Once you have recovered, take these steps to reduce the chance of a repeat:

  • Use a staging environment. Test plugin and theme updates on a staging copy before applying to production. Most quality hosts offer one-click staging.
  • Keep regular backups. Automated daily backups with a plugin like SiteVault mean you can roll back in minutes instead of debugging for hours.
  • Set memory limits proactively. Don't wait for a crash. Set WP_MEMORY_LIMIT to 256M from the start.
  • Monitor file integrity. GuardPress Pro includes file integrity monitoring that alerts you when core files are modified unexpectedly — catching corruption and malware before they cause a white screen.
  • One security plugin only. Never run multiple security plugins simultaneously. They hook into the same WordPress functions and create conflicts.
  • Update regularly, but not blindly. Enable auto-updates for minor releases. For major plugin updates, read the changelog first and test on staging.
  • Scan after recovery. A white screen caused by corrupted files could indicate malware. Run our free WordPress Security Scanner and check your SSL certificate to make sure your site is clean and secure.

How GuardPress Helps With WSOD

GuardPress Pro includes several features specifically designed to prevent and recover from white screen scenarios:

  • Safe Mode Recovery: If GuardPress detects that enabling one of its own features caused a crash, it automatically disables that feature on the next load so you can regain access without FTP.
  • File Integrity Monitoring: Detects unexpected changes to core WordPress files, catching corruption or malware before it causes a full crash.
  • Security Hardening Without Conflicts: GuardPress is designed as a single, all-in-one security solution so you never need to stack multiple security plugins — the most common source of fatal conflicts.

Frequently Asked Questions

What causes the WordPress white screen of death?

The most common causes are PHP fatal errors from plugin or theme conflicts, exhausted PHP memory limits (typically the default 64MB), corrupted core files, and .htaccess rule conflicts. A faulty plugin update or incompatible PHP version can also trigger WSOD.

How do I fix WSOD if I can't access wp-admin?
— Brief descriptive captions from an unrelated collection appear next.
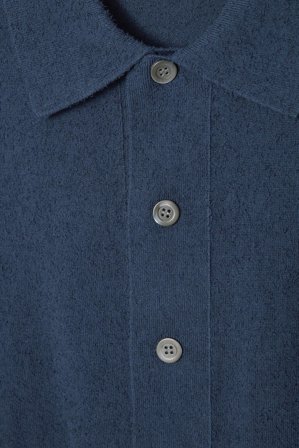 COS Men's Relaxed Textured-Knit Cotton Overshirt in Blue
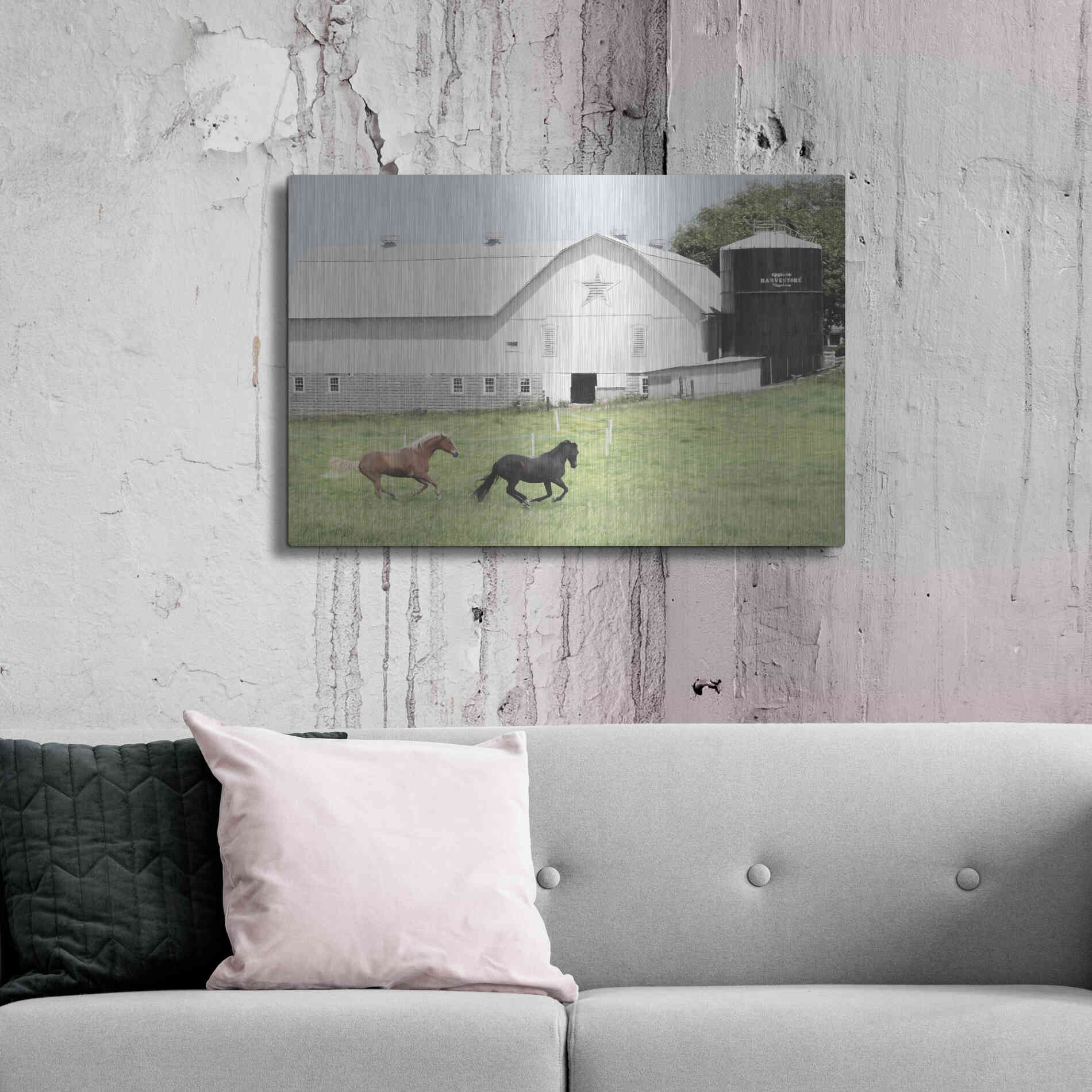 Luxe Metal Art 'Afternoon Run on the Farm' by Lori Deiter, Metal Wall Art,36x24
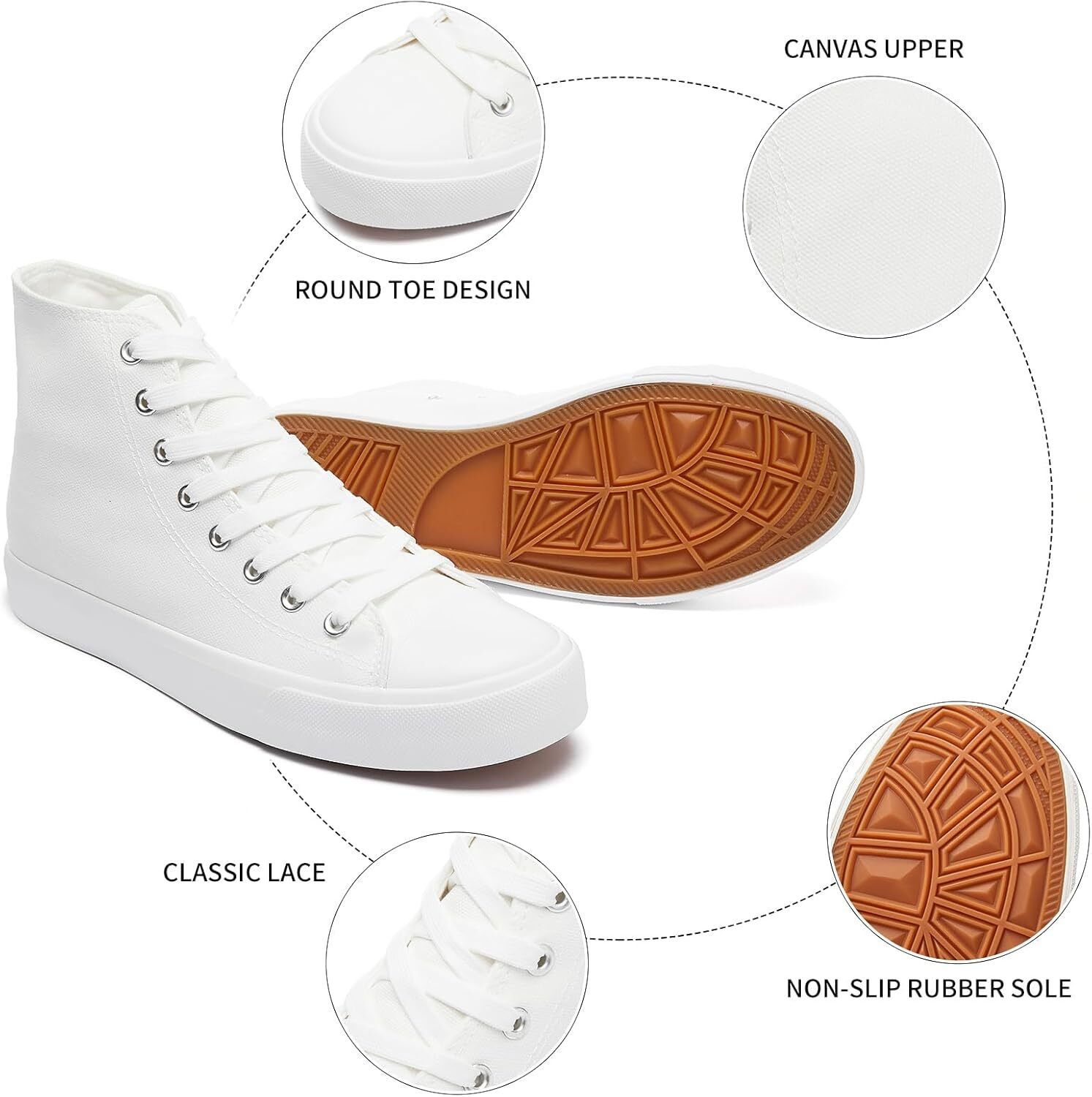 Men S High Top Canvas Sports Shoes Fashionable Lace Up Walking Casual Classic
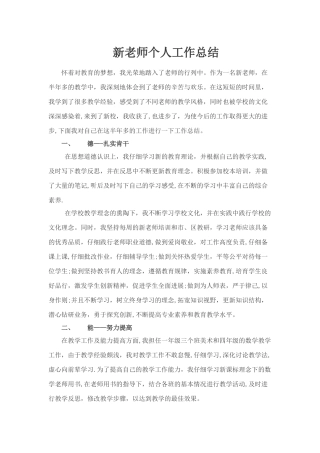 新教师个人工作总结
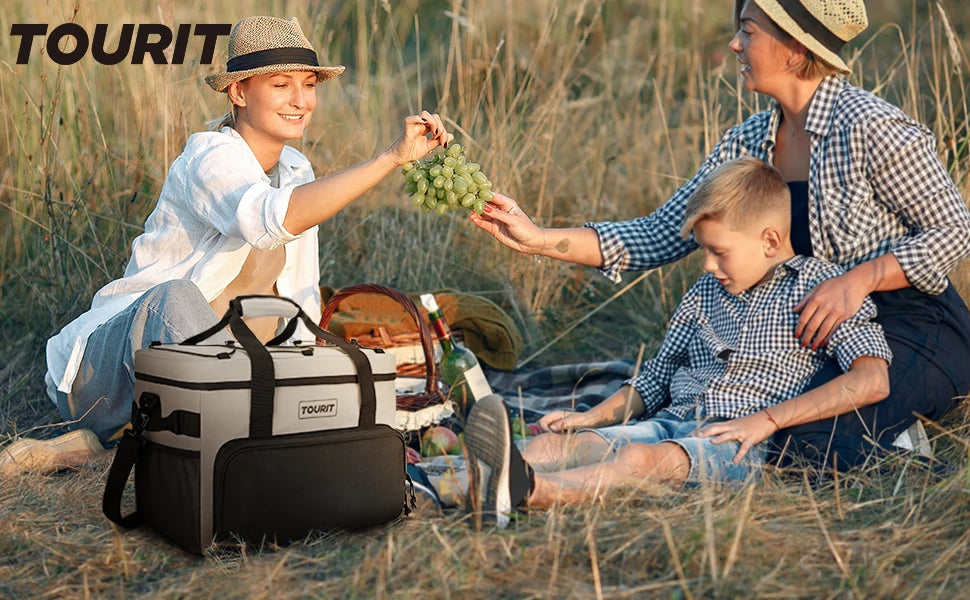 TOURIT Thermal Cooler for Drinks 14.6L 24L 32L Foldable Insulated Cooler Bag Leakproof Car Refrigerator Bag Food Delivery Bag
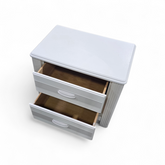 SHL top surface detail of white reeded nightstand, used and in good condition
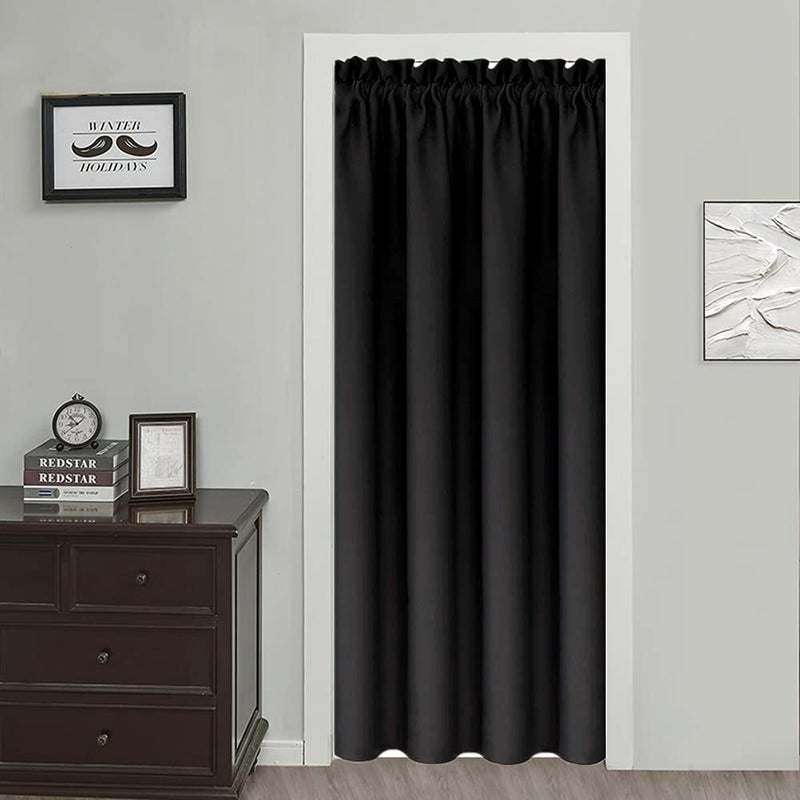 Gxi Black Doorway Curtain Solid Blackout Patio Door Curtain Panel 78 Inches Length Rod Pocket Drape Room Darkening Thermal Insulated Energy Efficient Window Treatment 1 Panel W39 x L78 Inch - Image 1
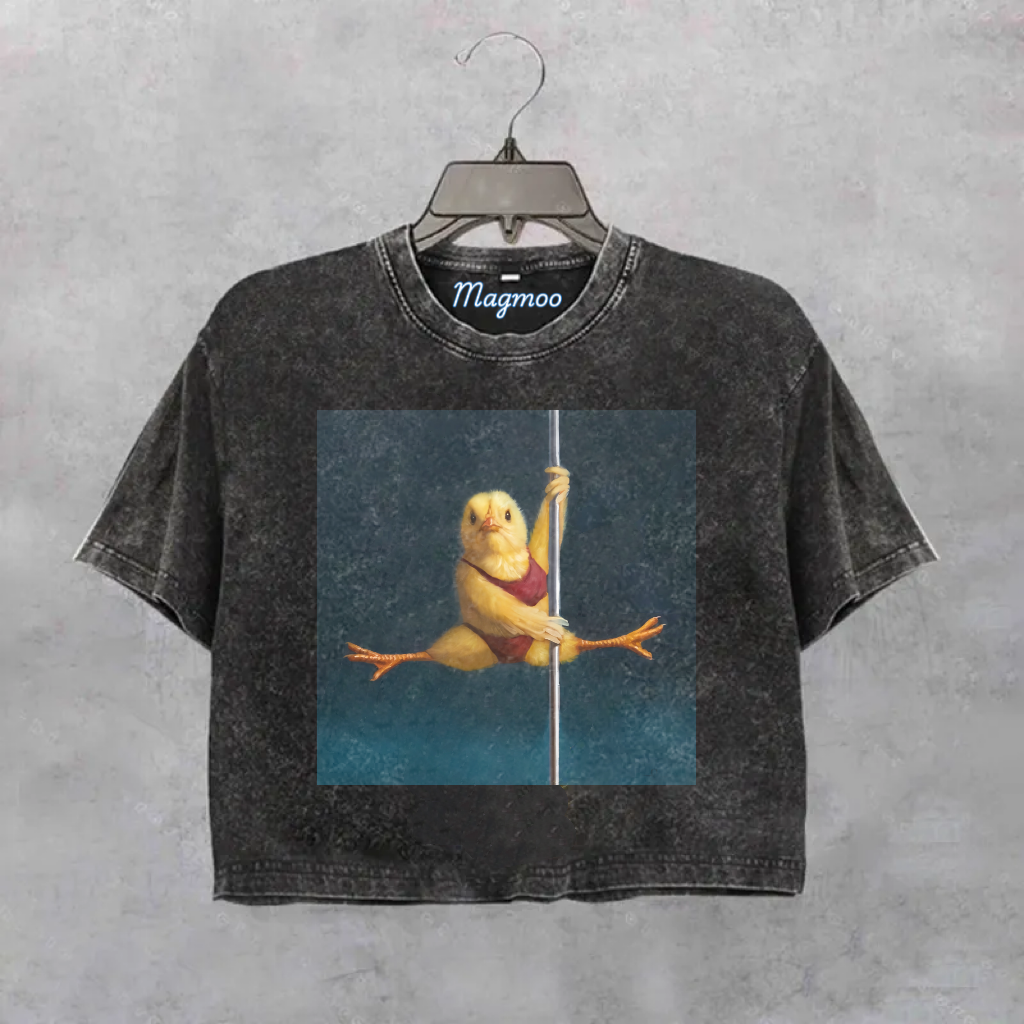 Funny Animal Washed Cotton Crop Shirt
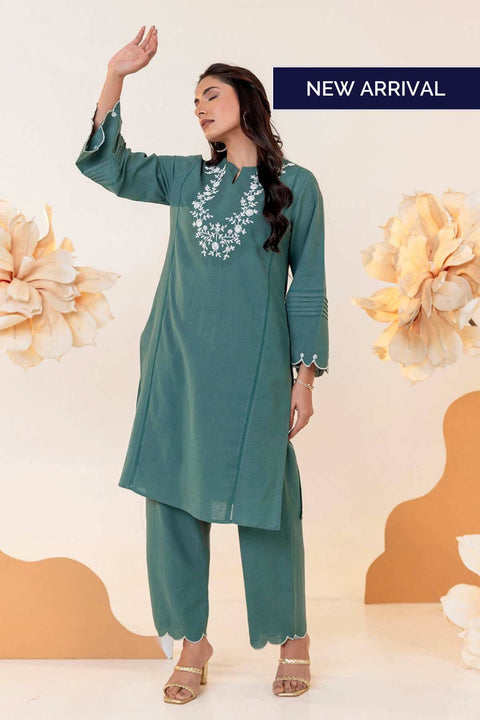 Bela Cotton Embroidered Green Kurta Set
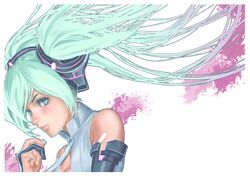  aqua_eyes aqua_hair bare_shoulders breasts bridal_gauntlets bust cleavage hatsune_miku hatsune_miku_(append) long_hair miku_append mophat nail_polish necktie sakakibara_mizuki solo twintails vocaloid vocaloid_append 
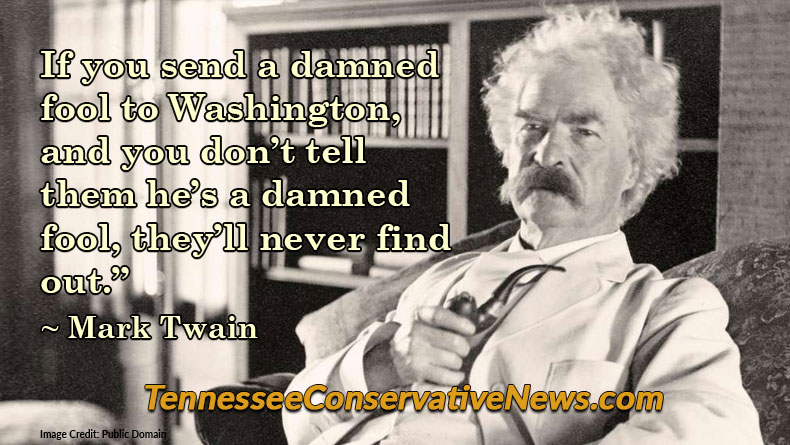 If you send a damned fool to Washington, and you don’t tell them he’s a damned fool, they’ll never find out. Mark Twain Quote Meme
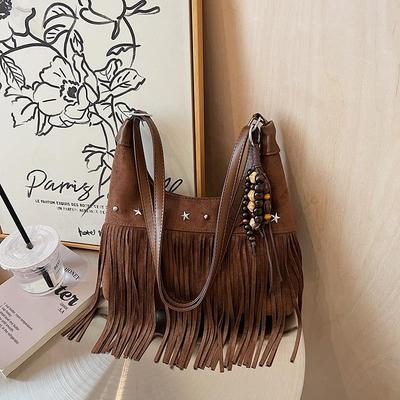 Modische und trendige Retro-Fransentasche, lässige und stilvolle Einzel-Schulter-Umhängetasche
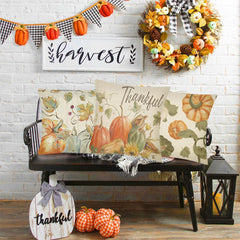 4Pcs Thanksgiving Fall Throw Pillows Cushion Case 18x18in Set Of 4 Pumpkin Watercolor Farmhouse Pillowcase For Thanksgiving Day Harvest Festival Party Autumn Home Sofa Couch Bed Chair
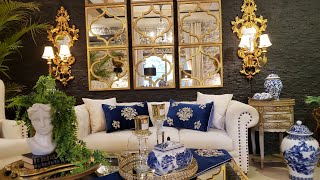 HOW TO DECORATE WITH BLUE AND WHITE  CHINOISERIE  LIVINGROOM REFRESH FOR EARLY SUMMERS [upl. by Bal]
Connect to your server via FTP or your hosting file manager. Navigate to /wp-content/plugins/ and rename the plugins folder to plugins-disabled. This deactivates all plugins and should restore access. Then rename it back and reactivate plugins one by one to find the culprit.

Can a theme cause the white screen of death?

Yes. A broken or incompatible theme is a common WSOD cause. To test, rename your active theme's folder via FTP (e.g., rename my-theme to my-theme-disabled). WordPress will fall back to a default theme like Twenty Twenty-Four. If the site loads, your theme was the problem.

How do I prevent the white screen of death from happening again?

Keep WordPress core, themes, and plugins updated. Use a staging site to test updates before applying them to production. Set your PHP memory limit to at least 256MB. Use a security plugin like GuardPress that includes file integrity monitoring to catch corrupted files early. And always maintain current backups.